Sempre cozinhando pra batalhões. Nunca entendemos porque tanta fartura. Nunca fomos tão numerosos assim. "Antes sobrar do que faltar..." - lema da vovó. Então tá. Quantas vezes retruquei as ofertas de comilança, irritada, porque era só isso que a gente escutava o tempo todo, e agora ... pôxa, agora faz a maior falta. Conversando com uma prima que eu nem sabia que era prima, guardei o que ela falou: "A velhice é um problema. Ficam chatos, turrões, insistentes, teimosos. A gente briga, xinga, manda pro bingo. Mas nunca que a gente quer que aquilo acabe. E por mais que desejemos o contrário, vai acontecer. Daí vai fazer uma falta danada." - é mesmo verdade.

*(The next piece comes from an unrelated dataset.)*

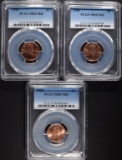 3 1995 LINCOLN CENTS PCGS MS67RD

Queria ela aqui, queria vê-la tataravó. Queria não, eu QUERO. Turrona, impertinente, mas aqui, "enchendo nossos sacos". Como se bastasse... Me foi pedido conformidade e preparo para o previsível futuro. Até aí eu entendi. Só não entendo o porquê de tanto sofrimento, desejaria que fosse mais natural.... é tanto tubo, máscara, eletrodos.... não dá pra amenizar um pouco?

A gente pode aguentar muita coisa - ou achar que aguenta - mas quando desestrutura na base, aí perde-se a bússola. Ainda estou pensando no Natal. Realmente, ela tem razão. Mas não precisava se desculpar. Muito triste.

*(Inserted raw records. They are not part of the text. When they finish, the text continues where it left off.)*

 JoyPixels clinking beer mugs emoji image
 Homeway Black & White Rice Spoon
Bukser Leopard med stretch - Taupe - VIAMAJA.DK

Agradeço, de todo meu coração, cada recado deixado, cada preocupação, cada oração, cada cliquezinho amigo. Agradeço a paciência, o carinho, o retorno. Quando tudo se acalmar, quando tudo entrar no eixo e a poeira baixar, esse blog provavelmente volta com a força que antes tinha. Hoje eu necessitava de escrever um pouquinho, muito mais pra pôr pra fora mesmo, mas também pra servir de informação pra quem interessar possa. Além de escrever, minha prioridade hoje, nesse tempo que eu me presenteei hoje à tarde, eu precisava ler todos vocês - vocês que sabem exatamente quem são. E eu li. Todo mundo. Todos os atrasados. E, por alguns instantes desse dia, me reportei à um mundo diferente do que eu estou vivenciando. Porque se assim eu não fizesse, acho que definitivamente eu enlouqueceria. Precisava de uma válvula de escape. E usei vocês, meu queridinhos e queridinhas. Mais uma vez obrigada.... até daqui o fim disso tudo, ou antes, caso minha alma grite por socorro novamente.

(((Recados muito importantes, pra pessoas mais importantes ainda)))

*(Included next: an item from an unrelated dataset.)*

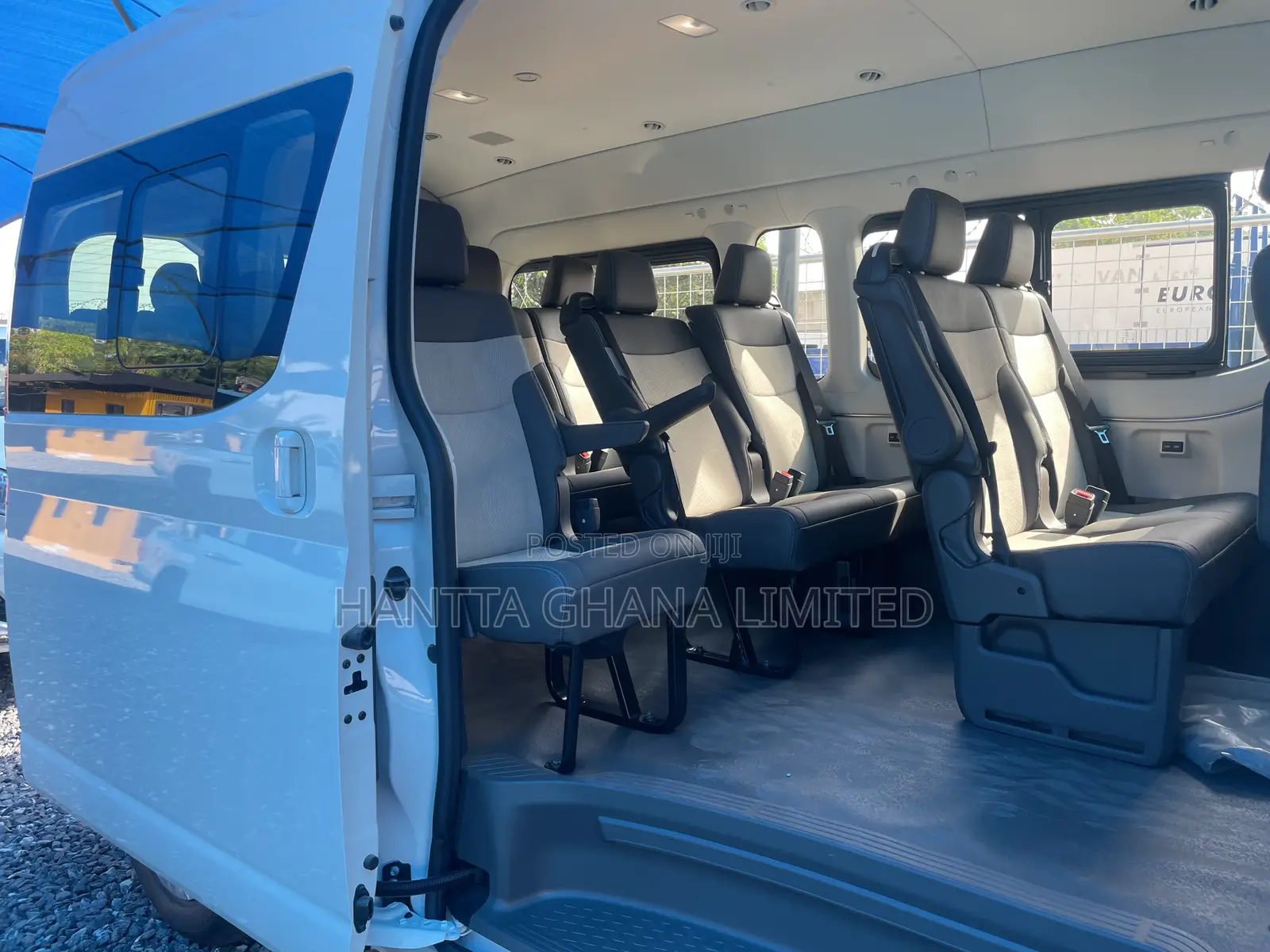 New Toyota HiAce 2025 White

Rafa: eu a-do-ro você e nunca pensei tanto numa pessoa, como tenho pensado em você. Não te liguei por motivos óbvios. E sei que você me entende. Eu sei.

Cacau: peguei seu recado na secretária e, putz, te amo. Obrigada mesmo pela consideração. São nessas horas adversas que a gente vê quem é quem. Há tantas decepções, mas também há tantas belas surpresas. Um dia, vamos sentar e conversar um tantão assim. Tenha paciência comigo.

Estarei ausente por mais um tempo, aqui e no Ponto G.emini, imagino. E tomara, Deus, que eu esteja completamente enganada. Pra isso, existem milagres. E eu CREIO neles.